In technological anthropology, 2013 was a period between the ‘big data’ era and the ‘modern data stack’ era. In the era of big data, as the name suggests, the more data, the better. Data is known to contain analytical secrets for creating new value in your business.
As a strategy consultant for a large Internet company, I was once tasked with combing through the data emitted from billions of DNS queries per day, finding the magic insights buried there, and developing a plan for what could become a new line of business for the company. It's worth $100 million. Did you find this insight? It wasn't just the relatively short amount of time (months) we spent on the project. As it turns out, storing big data is relatively easy, but generating big insights takes a lot of work.

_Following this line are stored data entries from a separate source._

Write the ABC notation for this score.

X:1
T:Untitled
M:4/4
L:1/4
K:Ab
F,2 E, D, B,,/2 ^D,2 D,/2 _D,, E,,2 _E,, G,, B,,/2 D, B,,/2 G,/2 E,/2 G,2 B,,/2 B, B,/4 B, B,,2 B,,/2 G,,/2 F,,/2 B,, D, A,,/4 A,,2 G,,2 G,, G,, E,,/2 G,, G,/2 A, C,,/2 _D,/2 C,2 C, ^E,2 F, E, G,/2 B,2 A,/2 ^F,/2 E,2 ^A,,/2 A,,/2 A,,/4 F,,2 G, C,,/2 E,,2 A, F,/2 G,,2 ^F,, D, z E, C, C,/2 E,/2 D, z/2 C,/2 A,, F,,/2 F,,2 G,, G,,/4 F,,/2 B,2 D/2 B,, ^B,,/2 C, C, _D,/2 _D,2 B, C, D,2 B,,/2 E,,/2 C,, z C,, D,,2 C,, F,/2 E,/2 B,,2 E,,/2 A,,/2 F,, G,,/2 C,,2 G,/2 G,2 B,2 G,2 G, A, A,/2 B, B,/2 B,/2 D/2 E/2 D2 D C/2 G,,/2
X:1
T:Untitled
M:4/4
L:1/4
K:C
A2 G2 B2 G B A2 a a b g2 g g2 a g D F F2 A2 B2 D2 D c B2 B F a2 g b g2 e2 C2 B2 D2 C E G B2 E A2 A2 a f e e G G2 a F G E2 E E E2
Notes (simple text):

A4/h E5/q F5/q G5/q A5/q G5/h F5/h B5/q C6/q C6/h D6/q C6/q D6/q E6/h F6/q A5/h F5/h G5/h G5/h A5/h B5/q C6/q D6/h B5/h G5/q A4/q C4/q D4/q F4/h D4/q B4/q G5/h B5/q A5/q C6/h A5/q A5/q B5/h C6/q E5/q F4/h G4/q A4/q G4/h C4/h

But not everyone realized this. All they knew was that they couldn't play the insight game if their data house wasn't working properly. As a result, businesses of all shapes and sizes are rushing to strengthen their data stacks, and the number of data tools available from vendors offering them has exploded. their The solution was the missing piece of a truly holistic data stack that could generate the type of magical insights businesses were looking for.
VB events
AI Impact Tour: AI Audit
invitation request
I don't use the term “explosion” lightly. Recently, in the 2024 Machine Learning, AI, and Data (MAD) landscape, author Matt Turck found that the number of companies selling data infrastructure tools and products in 2012 (he set out to create a market map) was 139 companies. . This year's version includes 2,011, a 14.5x increase!
Several things have happened that have helped shape our current data landscape. Enterprises are starting to move more on-premises workloads to the cloud. Modern data stack vendors have offered managed services with composable cloud offerings that can provide customers with higher reliability, greater system flexibility, and the convenience of on-demand expansion.

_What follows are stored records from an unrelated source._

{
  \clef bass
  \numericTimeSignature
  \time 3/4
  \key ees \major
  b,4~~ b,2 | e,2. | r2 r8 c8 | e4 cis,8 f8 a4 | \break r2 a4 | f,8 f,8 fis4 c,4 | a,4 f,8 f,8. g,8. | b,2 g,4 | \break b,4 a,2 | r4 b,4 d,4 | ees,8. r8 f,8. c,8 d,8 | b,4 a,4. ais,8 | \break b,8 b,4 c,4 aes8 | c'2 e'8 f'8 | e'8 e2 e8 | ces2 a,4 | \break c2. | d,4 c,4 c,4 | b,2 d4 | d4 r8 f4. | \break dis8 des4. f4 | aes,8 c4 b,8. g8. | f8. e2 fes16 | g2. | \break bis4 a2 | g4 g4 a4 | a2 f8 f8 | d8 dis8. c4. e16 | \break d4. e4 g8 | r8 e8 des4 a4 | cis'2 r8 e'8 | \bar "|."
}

However, as companies went through the Zero Interest Rate Policy (ZIRP) period and increased the number of data tool vendors, cracks began to appear in the MDS façade. Problems with system complexity (resulting from a variety of tools), integration issues (lots of different point solutions that need to talk to each other), and underutilized cloud services have led some to question whether the promise of the MDS panacea can be achieved.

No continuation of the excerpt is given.